§ Task to complete: Please give back word for word the lines below, from the first one through the one with "Baby Basics - Long".

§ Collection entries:
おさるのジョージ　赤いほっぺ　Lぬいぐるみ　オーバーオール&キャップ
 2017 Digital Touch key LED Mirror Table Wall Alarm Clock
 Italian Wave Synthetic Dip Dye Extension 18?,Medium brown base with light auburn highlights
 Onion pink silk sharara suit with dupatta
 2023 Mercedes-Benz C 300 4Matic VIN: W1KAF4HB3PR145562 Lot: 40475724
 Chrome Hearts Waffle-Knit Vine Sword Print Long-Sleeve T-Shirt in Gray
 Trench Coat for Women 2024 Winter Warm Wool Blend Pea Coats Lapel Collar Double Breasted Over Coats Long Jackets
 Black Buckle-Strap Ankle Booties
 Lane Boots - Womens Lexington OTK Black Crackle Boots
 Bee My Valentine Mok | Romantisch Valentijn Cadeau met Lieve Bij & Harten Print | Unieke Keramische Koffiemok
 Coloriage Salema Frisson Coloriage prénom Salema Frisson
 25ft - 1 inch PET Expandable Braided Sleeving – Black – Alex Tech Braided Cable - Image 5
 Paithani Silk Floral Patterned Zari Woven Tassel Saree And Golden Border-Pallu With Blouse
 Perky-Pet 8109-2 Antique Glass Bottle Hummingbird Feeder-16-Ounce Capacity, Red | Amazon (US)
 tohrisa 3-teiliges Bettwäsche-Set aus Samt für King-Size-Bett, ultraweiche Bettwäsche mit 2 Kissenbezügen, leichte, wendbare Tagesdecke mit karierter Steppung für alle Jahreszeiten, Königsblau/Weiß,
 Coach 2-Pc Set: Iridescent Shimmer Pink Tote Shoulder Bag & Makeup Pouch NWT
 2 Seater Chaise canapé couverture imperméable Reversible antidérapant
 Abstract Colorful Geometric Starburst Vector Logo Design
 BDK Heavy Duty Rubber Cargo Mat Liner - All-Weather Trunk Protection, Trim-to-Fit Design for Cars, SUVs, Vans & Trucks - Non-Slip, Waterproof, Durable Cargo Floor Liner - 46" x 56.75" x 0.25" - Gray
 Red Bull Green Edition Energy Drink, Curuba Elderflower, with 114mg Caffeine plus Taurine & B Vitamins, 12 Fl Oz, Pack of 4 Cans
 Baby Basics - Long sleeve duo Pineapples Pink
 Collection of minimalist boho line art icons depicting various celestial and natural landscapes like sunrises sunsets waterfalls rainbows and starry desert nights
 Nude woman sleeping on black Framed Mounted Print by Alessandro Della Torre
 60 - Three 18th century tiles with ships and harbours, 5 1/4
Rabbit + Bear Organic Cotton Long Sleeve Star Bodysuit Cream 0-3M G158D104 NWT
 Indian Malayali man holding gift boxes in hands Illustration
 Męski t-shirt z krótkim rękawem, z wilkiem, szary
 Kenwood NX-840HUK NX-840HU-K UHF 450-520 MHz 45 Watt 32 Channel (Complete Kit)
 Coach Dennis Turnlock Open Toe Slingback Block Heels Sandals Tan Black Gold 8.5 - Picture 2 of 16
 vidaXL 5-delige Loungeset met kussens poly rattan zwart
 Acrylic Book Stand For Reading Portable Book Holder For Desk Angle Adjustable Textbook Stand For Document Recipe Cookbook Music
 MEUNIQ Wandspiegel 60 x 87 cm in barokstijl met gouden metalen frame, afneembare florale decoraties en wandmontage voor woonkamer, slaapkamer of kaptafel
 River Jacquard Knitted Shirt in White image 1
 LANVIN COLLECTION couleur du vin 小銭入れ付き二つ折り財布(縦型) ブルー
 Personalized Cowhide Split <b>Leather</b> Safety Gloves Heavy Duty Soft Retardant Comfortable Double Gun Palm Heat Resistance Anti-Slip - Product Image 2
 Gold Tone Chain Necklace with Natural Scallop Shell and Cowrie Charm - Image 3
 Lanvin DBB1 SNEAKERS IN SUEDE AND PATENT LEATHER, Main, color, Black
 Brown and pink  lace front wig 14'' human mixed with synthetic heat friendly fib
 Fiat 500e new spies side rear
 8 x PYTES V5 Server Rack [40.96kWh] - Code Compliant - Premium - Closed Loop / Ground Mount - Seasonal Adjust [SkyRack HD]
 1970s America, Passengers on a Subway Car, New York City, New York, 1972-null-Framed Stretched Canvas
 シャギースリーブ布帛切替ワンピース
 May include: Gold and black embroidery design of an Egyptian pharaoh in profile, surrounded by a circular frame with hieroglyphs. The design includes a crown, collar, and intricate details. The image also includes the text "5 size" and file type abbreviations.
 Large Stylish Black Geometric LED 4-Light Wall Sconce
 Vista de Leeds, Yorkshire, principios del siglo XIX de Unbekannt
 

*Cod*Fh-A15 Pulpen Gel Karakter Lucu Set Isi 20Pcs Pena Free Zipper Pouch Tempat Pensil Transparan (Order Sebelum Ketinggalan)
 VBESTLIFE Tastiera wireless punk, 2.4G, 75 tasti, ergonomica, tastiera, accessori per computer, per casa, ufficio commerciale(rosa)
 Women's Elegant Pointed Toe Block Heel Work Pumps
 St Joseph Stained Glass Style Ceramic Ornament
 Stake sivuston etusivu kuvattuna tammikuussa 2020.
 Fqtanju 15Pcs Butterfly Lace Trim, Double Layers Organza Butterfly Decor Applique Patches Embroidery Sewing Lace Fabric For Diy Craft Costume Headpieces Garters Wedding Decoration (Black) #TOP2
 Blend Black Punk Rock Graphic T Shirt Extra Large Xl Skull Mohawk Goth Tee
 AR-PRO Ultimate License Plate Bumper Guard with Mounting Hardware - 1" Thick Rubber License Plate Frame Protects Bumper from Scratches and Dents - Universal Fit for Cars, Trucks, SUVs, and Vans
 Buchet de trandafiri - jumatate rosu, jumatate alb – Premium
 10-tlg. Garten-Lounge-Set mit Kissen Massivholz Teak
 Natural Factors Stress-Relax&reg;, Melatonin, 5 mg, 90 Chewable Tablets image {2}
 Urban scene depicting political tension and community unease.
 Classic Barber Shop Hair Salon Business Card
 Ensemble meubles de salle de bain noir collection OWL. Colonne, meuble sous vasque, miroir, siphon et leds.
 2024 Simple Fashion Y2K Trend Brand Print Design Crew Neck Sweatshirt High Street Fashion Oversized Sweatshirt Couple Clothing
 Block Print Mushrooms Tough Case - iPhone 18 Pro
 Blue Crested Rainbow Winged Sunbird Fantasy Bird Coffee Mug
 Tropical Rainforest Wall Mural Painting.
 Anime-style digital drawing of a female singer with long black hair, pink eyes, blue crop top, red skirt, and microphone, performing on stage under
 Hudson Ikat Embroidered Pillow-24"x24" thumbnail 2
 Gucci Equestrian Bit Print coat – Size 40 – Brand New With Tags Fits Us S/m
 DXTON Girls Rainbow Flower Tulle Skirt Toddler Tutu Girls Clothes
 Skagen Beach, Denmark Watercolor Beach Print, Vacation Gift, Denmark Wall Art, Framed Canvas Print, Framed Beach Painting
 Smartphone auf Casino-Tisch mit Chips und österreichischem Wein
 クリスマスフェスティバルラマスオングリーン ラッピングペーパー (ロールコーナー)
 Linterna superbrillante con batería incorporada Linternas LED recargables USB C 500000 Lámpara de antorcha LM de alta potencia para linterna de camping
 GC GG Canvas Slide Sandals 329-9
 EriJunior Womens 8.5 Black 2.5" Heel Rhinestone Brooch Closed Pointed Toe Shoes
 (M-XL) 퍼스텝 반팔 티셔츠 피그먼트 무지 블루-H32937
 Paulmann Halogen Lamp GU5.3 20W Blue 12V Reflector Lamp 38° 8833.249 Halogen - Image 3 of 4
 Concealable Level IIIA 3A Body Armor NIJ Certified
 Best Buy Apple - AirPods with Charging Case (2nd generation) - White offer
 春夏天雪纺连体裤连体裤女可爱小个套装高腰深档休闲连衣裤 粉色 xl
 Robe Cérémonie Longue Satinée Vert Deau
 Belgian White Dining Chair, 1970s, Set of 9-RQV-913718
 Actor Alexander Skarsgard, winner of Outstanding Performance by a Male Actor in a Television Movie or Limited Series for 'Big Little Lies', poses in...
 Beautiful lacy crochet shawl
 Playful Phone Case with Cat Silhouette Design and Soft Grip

§ Answer below:
おさるのジョージ　赤いほっぺ　Lぬいぐるみ　オーバーオール&キャップ
 2017 Digital Touch key LED Mirror Table Wall Alarm Clock
 Italian Wave Synthetic Dip Dye Extension 18?,Medium brown base with light auburn highlights
 Onion pink silk sharara suit with dupatta
 2023 Mercedes-Benz C 300 4Matic VIN: W1KAF4HB3PR145562 Lot: 40475724
 Chrome Hearts Waffle-Knit Vine Sword Print Long-Sleeve T-Shirt in Gray
 Trench Coat for Women 2024 Winter Warm Wool Blend Pea Coats Lapel Collar Double Breasted Over Coats Long Jackets
 Black Buckle-Strap Ankle Booties
 Lane Boots - Womens Lexington OTK Black Crackle Boots
 Bee My Valentine Mok | Romantisch Valentijn Cadeau met Lieve Bij & Harten Print | Unieke Keramische Koffiemok
 Coloriage Salema Frisson Coloriage prénom Salema Frisson
 25ft - 1 inch PET Expandable Braided Sleeving – Black – Alex Tech Braided Cable - Image 5
 Paithani Silk Floral Patterned Zari Woven Tassel Saree And Golden Border-Pallu With Blouse
 Perky-Pet 8109-2 Antique Glass Bottle Hummingbird Feeder-16-Ounce Capacity, Red | Amazon (US)
 tohrisa 3-teiliges Bettwäsche-Set aus Samt für King-Size-Bett, ultraweiche Bettwäsche mit 2 Kissenbezügen, leichte, wendbare Tagesdecke mit karierter Steppung für alle Jahreszeiten, Königsblau/Weiß,
 Coach 2-Pc Set: Iridescent Shimmer Pink Tote Shoulder Bag & Makeup Pouch NWT
 2 Seater Chaise canapé couverture imperméable Reversible antidérapant
 Abstract Colorful Geometric Starburst Vector Logo Design
 BDK Heavy Duty Rubber Cargo Mat Liner - All-Weather Trunk Protection, Trim-to-Fit Design for Cars, SUVs, Vans & Trucks - Non-Slip, Waterproof, Durable Cargo Floor Liner - 46" x 56.75" x 0.25" - Gray
 Red Bull Green Edition Energy Drink, Curuba Elderflower, with 114mg Caffeine plus Taurine & B Vitamins, 12 Fl Oz, Pack of 4 Cans
 Baby Basics - Long sleeve duo Pineapples Pink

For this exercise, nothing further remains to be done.